The Pew Research Center found that Indians favor the main opposition group, the Hindu nationalist Bharatiya Janata Party, to the ruling Indian National Congress by a ratio of more than 3 to 1. The BJP’s strong showing rests on the perception that it would do a better job combating the country’s range of woes including corruption, unemployment, inflation and political deadlock, the survey said.
The findings bolster the sense of inevitability that is beginning to envelop Narendra Modi, the BJP’s prime ministerial candidate who currently leads the influential western state of Gujarat. Although Modi has long faced accusations that he did not intervene to stop deadly anti-Muslim riots in Gujarat in 2002, he has recast himself as a clean, business-friendly politician whose state has posted impressive economic growth.
Nearly eight in 10 Indians surveyed held a favorable view of Modi, while only 50 percent felt the same way about his rival, Congress Party standard-bearer Rahul Gandhi, scion of the Jawaharlal Nehru-Indira Gandhi dynasty that has led India for most of its history since independence in 1947. This and other polls suggest the Congress Party may suffer its worst-ever showing in the parliamentary elections that begin April 7 and run into mid-May.
Dogged by corruption scandals and flagging economic growth, the Congress Party has relied on support from rural Indians, whom it has boosted with food subsidies and entitlement schemes. But in a troubling sign for the party, more than half of those Pew surveyed said that the BJP would do a better job than Congress in aiding the poor.
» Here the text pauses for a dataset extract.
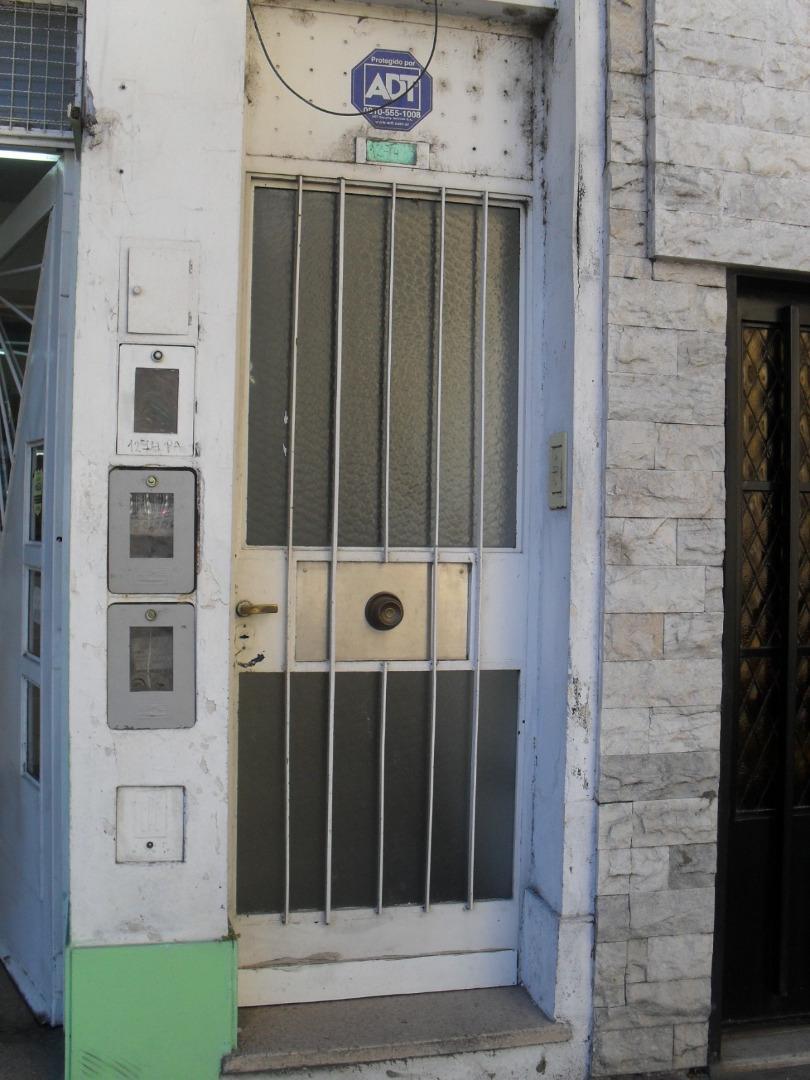 Casa en Planta Alta, apta uso comercial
If Modi comes to power in India, the world’s 10th largest economy, it would create some uncomfortable questions for the United States, which until recently had observed an official boycott of the firebrand leader and had denied him a visa due to his alleged role in the 2002 violence.
In February, the U.S. ambassador to New Delhi, Nancy Powell, broke the chill by requesting a meeting with Modi in his home state. State Department officials described the encounter as cordial, but many within the U.S. government still regard Modi with suspicion.
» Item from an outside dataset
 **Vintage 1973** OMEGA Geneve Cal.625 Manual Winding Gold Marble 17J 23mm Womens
U.S. business leaders, including companies such as Ford and General Motors, which have built plants in Gujarat, are said to be broadly supportive of a Modi prime ministership. Ultimately, his supporters say, a stronger Indian economy is in the United States’ best interest.
Seven of 10 Indians surveyed said they were dissatisfied with the way things are going in their country, although a strong majority, 62 percent, said they expected the economy to improve over the next year.